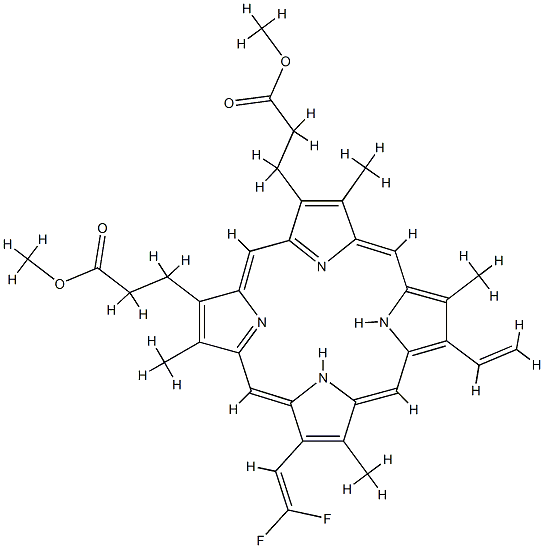 8(2),8(2)-Difluoroprotoporphyrin dimethyl ester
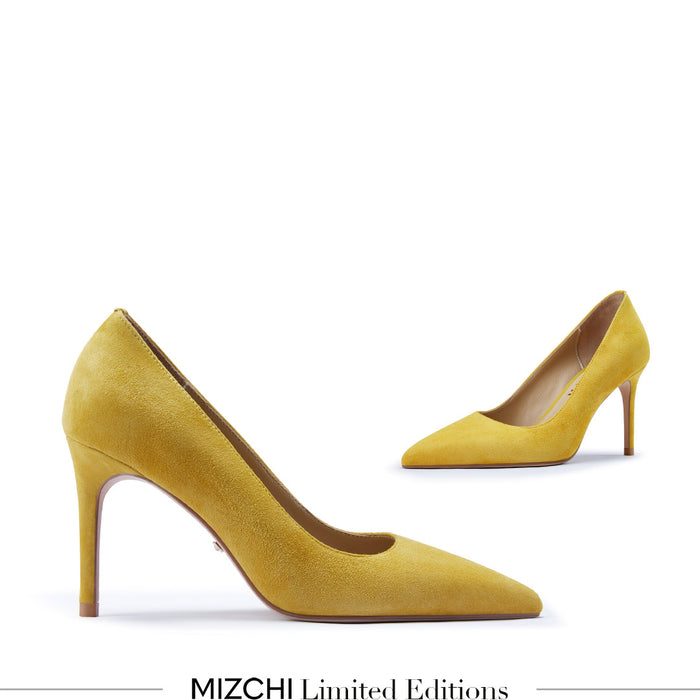 Kayte - Mustard Suede Classic Pump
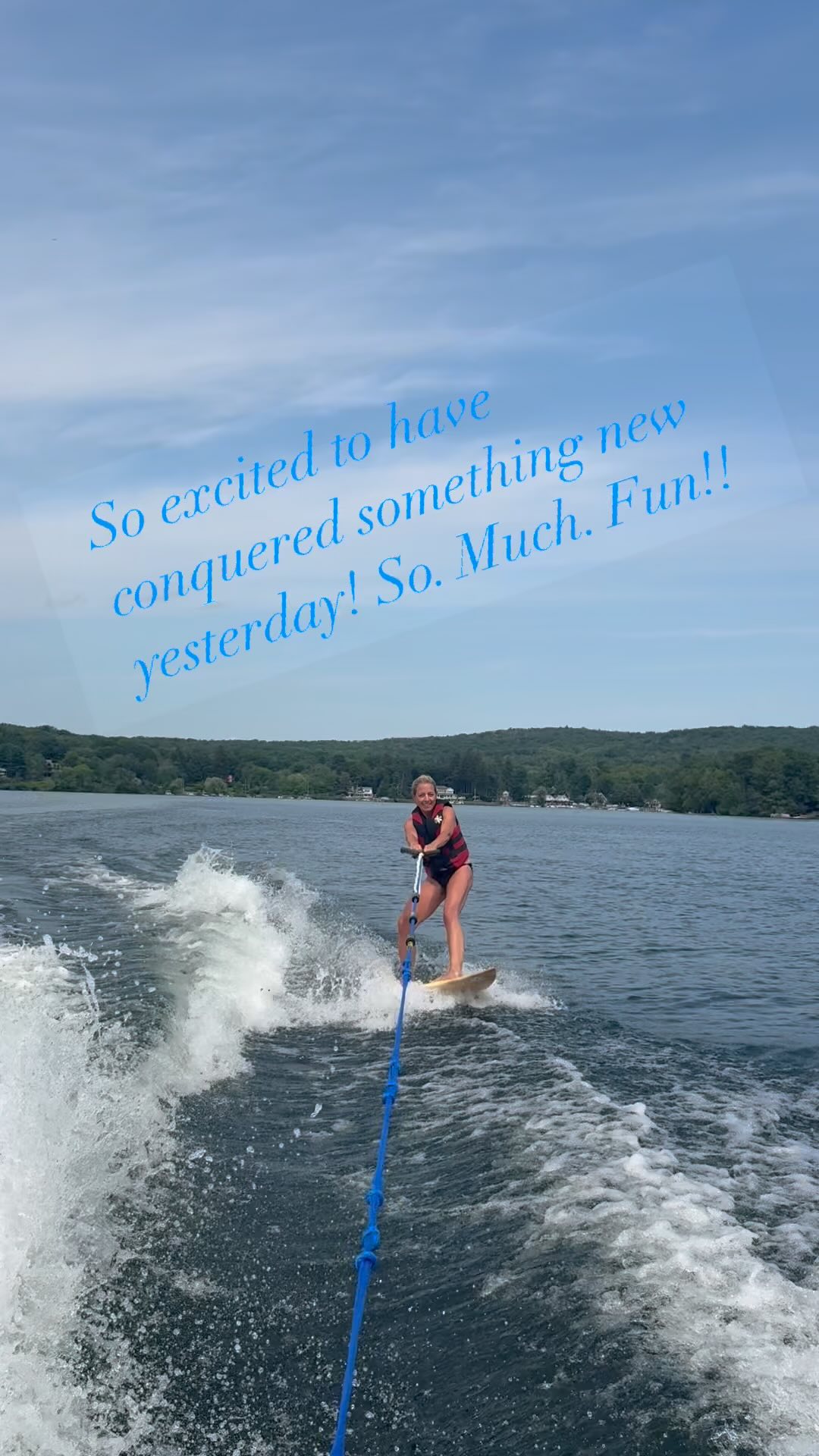 Water sports are not my “thing” so I was thrilled to have conquered a ...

Problem statement = Across the whole listing, reproduce each line verbatim and exclude every picture.

Output of the task =
 8(2),8(2)-Difluoroprotoporphyrin dimethyl ester
 Kayte - Mustard Suede Classic Pump
 Water sports are not my “thing” so I was thrilled to have conquered a ...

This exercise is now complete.